Managing workplace conflict – The importance of effective policies and support structures
A measure all organisations should implement to better manage workplace conflict is to have:
concise grievance policies and processes,
written in plain language,
that are regularly updated, and
emphasise a range of options and stages in the handling of conflict.
The setting of timeframes, defined roles and proper procedural fairness considerations are also critical from a risk management perspective.
Common mistakes that I have seen, especially in larger organisations, include: having too many policies and procedures that don’t integrate with each other (or other relevant documents); having well-crafted policies that aren’t readily accessible or even known of by staff; and, inadequate support from the organisation in their implementation. In fact having ‘supportive infrastructure’ beyond written policy is another key element in dealing with unhealthy conflict.
The best policies and procedures are also undermined if leaders and managers don’t model respectful behaviours and demonstrate that non-adherence to organisational values will have important consequences. The old saying goes that ‘the fish rots from the head’. Unfortunately not all organisations have a homogeneous set of leaders with the self-awareness, skills or perhaps willingness to set such an example. In this sense it is essential to build capacity and seek buy-in from your leadership cohort.

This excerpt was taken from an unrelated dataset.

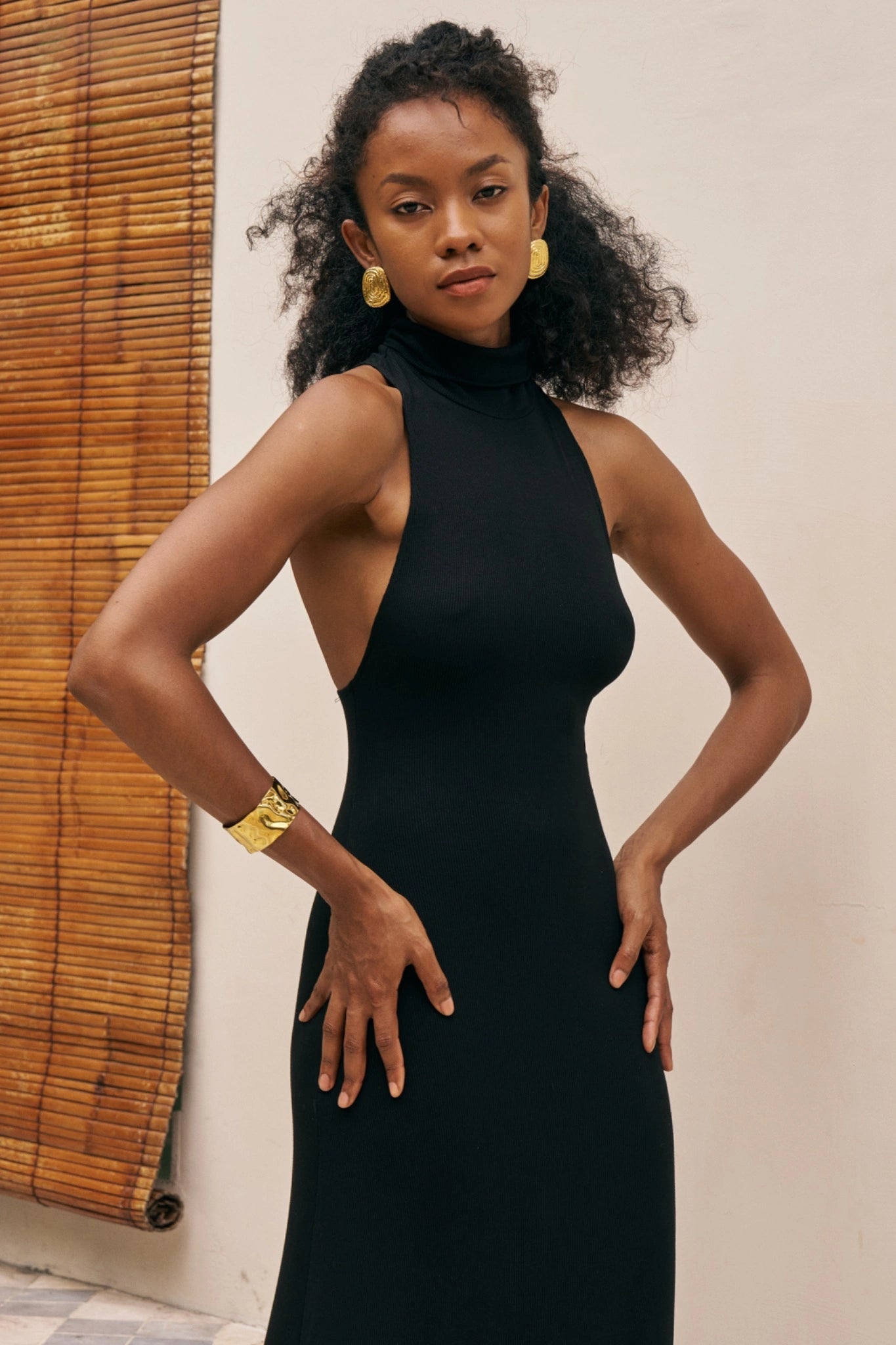 Woman wearing a black dress with gold jewelry against a neutral background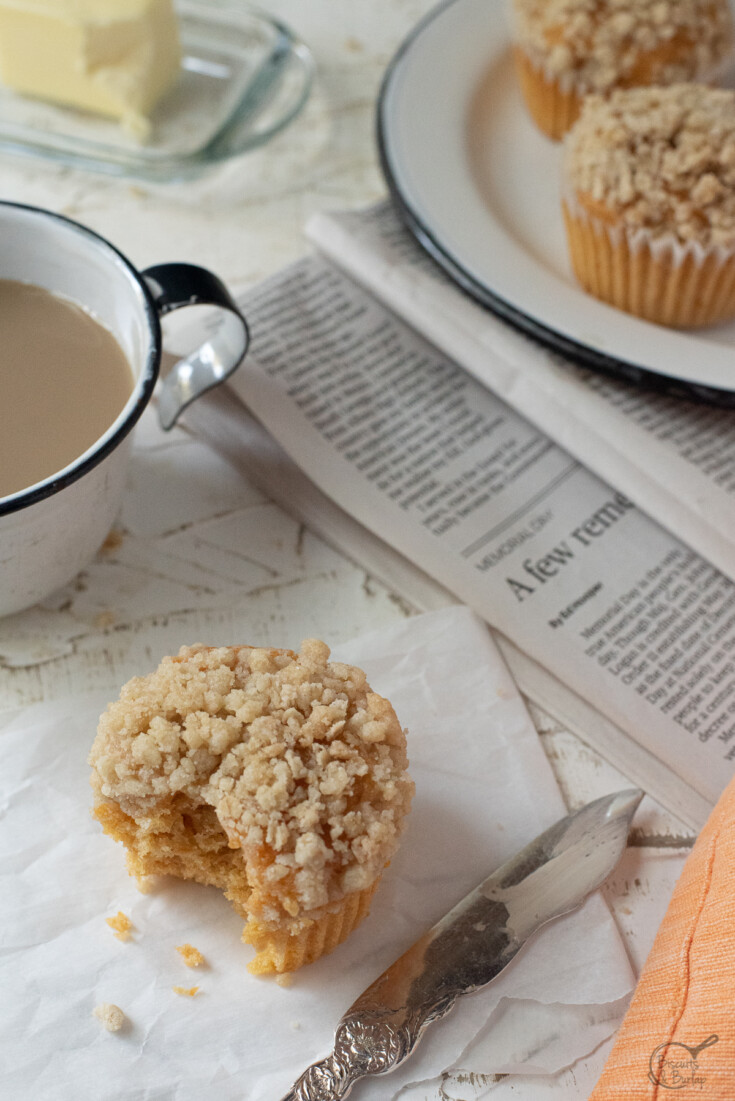 muffin with bite out, coffee & newspaper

It’s desirable for everyone in an organisation to be equipped to manage conflict in a healthy fashion, especially when cost effective methods exist to both ensure familiarity with basic methods of dealing with conflict and to provide a shared language with which to have difficult discussions.
It’s important to recognise that human beings are complex and that organisations need to have other policies and procedures in place to address external factors that can often contribute to workplace conflict (e.g. mental health, family violence etc.). An initial measure to establish a base line, especially for smaller organisations without strong in-house capacity, is to have an external provider perform an HR Audit for you.
Even if you a junior manager, there may be things you have control over that can be explored to reduce potential conflicts in your team. A contributing factor in some workplace conflicts is a lack of role clarity. Questions to ask here include:
What do they think they should be doing?
What do you believe they should be doing?
What do others understand that they should be doing?
Closely aligned to this is whether there are clear reporting relationships? If the answer is no, you are setting yourself up for potential future misunderstandings.